Ainda no período pré-colombiano, havia na região um povoamento extremamente denso em estágio avançado de cultura material e de organização social. Comprovam tais estudos a incrível capacidade de adaptação, apropriação e manejo por parte dos grupos sociais que, vindos de fora, utilizaram os recursos florestais, pesqueiros e a agricultura de várzea para a sustentação de uma vasta população. Descobriu-se que a Amazônia não é uma floresta: trata-se de um conjunto de florestas, muitas delas oriundas do plantio humano, como os castanhais, os cipoais, os coqueirais.



Em suma, não há qualquer maldição eterna que impeça a Amazônia de se desenvolver, suportar uma população numerosa e manter uma relação equilibrada e auto-sustentada com o desenvolvimento e a integração nacional.

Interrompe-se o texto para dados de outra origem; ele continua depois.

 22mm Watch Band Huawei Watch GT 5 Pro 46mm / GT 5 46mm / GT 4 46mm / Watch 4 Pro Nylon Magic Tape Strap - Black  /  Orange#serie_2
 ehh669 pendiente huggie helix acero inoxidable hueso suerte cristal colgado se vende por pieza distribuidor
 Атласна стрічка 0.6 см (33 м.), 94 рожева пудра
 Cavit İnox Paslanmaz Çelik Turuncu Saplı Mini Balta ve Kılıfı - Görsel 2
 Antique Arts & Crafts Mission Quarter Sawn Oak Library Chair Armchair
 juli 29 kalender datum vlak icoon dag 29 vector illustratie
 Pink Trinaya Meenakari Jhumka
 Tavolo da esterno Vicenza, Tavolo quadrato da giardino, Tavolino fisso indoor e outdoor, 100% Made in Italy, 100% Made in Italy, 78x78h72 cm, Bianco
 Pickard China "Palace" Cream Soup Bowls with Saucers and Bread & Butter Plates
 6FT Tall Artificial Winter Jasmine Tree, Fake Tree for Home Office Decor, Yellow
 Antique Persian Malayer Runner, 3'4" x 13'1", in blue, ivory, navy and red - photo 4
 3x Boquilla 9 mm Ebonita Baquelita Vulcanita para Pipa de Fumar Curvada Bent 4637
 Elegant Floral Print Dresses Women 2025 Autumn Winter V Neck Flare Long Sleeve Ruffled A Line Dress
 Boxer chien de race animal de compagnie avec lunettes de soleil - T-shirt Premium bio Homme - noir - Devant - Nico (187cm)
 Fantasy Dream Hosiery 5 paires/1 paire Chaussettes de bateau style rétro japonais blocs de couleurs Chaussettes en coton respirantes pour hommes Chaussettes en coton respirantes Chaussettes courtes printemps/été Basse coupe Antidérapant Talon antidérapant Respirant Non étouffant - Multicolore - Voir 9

A região como geradora de energia



A maior parte dos especialistas mundiais apontam para o horizonte de 2011/2013 o deslanchar de uma grave crise de energia mundial (crescimento de China e Índia, fim das reservas do Mar do Norte, intensificação de conflitos na Ásia, retomada do Japão, etc.). Ora, todo o processo de desenvolvimento do país, incluindo-se os nossos vizinhos, poderá ser paralisado pelo estancamento da economia da energia. Assim, estudar a matriz energética do país, suas chances e oportunidades de ampliação e diversificação são tarefas estratégicas imediatas.



É sabido, e aceito pelos especialistas, que a energia hidrelétrica é uma das soluções adequadas para o abastecimento do país (ao lado da contribuição da energia fóssil, do nuclear, da eólia e solar).



Na Amazônia, o potencial hídrico é imenso e capaz – tomadas as providências adequadas combinando ecologia e tecnologia – de oferecer as condições de desenvolvimento, geração de renda e de empregos. Evidentemente, muitos erros já foram cometidos neste setor – cabe, portanto, o cuidado na elaboração de um modelo gestor alternativo capaz de provar a nós mesmos e ao mundo a engenhosidade e a responsabilidade social e ecológica do país.



A Amazônia surge, assim, como uma área-pivô do desenvolvimento nacional e da integração regional. Devemos, contudo, atentar para os riscos existentes: é fundamental acentuar e expandir a presença do Estado brasileiro na região. A precária presença de funcionários públicos habilitados no campo do meio ambiente – em especial nos níveis estadual e municipal -, a violência no campo e a permanência de fluxos clandestinos e do crime transfronteiriço, todos são elementos que devem ser enfrentados imediatamente, visando evitar as distorções decorrentes do desenvolvimento. A busca de um perfil regional e auto-sustentado para o desenvolvimento amazônico é o caminho.